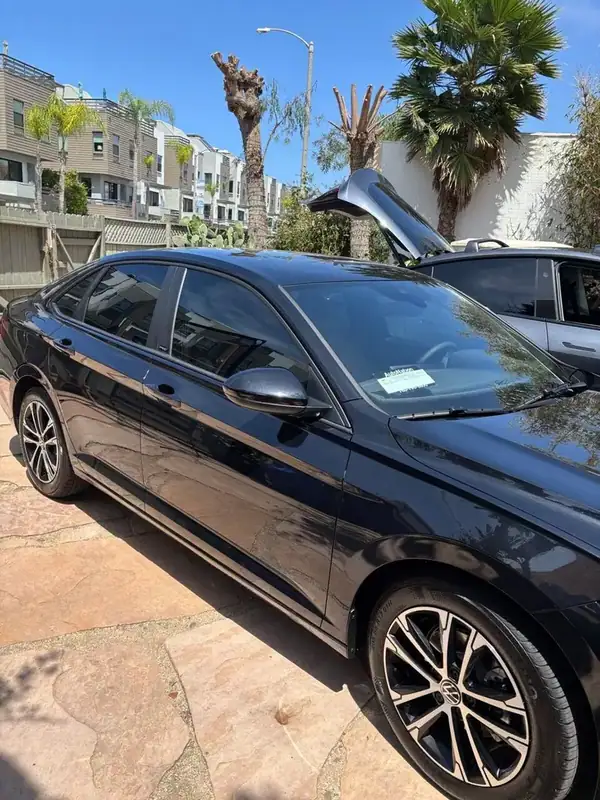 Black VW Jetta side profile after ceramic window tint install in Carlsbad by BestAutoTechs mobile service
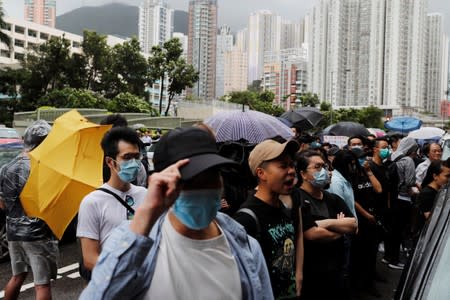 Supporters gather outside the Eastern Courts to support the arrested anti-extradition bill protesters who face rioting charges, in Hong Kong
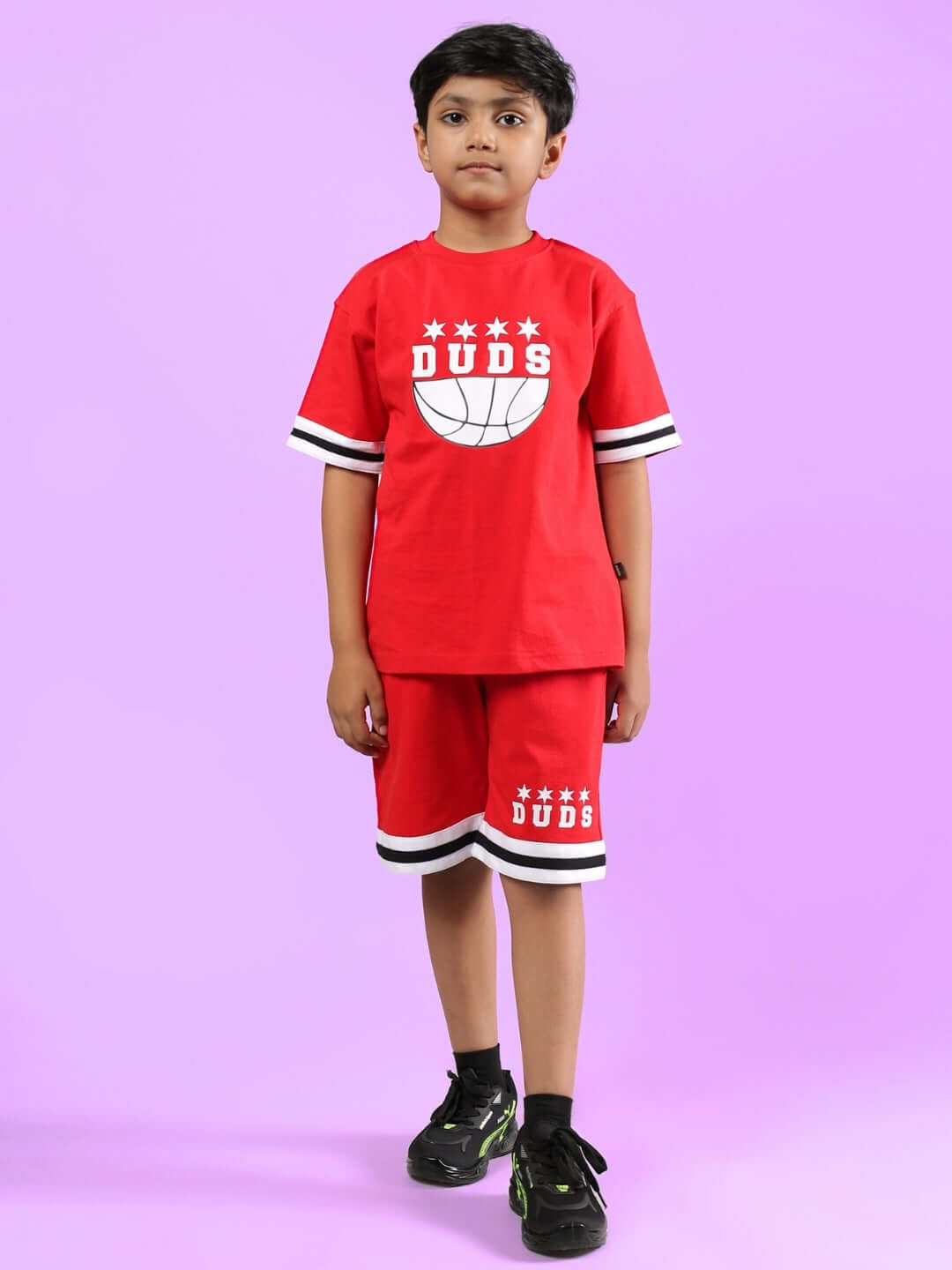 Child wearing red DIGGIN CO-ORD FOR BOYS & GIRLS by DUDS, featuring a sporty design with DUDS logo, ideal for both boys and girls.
★ ★ ★ ★ ★
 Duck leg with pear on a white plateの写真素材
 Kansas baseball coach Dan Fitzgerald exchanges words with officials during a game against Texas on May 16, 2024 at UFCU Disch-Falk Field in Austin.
★ ★ ★ ★ ★
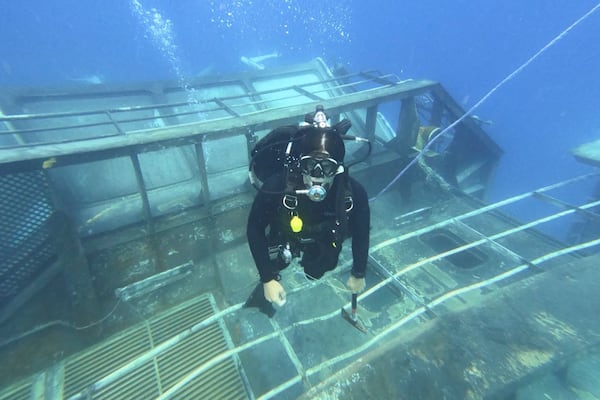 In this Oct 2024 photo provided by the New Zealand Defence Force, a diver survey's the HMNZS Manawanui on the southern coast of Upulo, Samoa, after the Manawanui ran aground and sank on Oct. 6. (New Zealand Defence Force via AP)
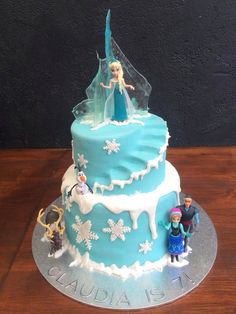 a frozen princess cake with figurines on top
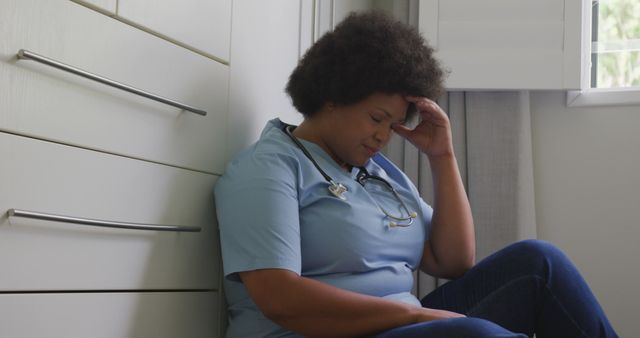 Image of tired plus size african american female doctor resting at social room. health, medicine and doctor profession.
★ ★ ★ ★ ★
* _Activity_: Above are the records. Copy only the lines from the one with "Black VW Jetta" through the one with "Child wearing red", exactly, with no pictures.

* _Solution_:
 Black VW Jetta side profile after ceramic window tint install in Carlsbad by BestAutoTechs mobile service
 Supporters gather outside the Eastern Courts to support the arrested anti-extradition bill protesters who face rioting charges, in Hong Kong
 Child wearing red DIGGIN CO-ORD FOR BOYS & GIRLS by DUDS, featuring a sporty design with DUDS logo, ideal for both boys and girls.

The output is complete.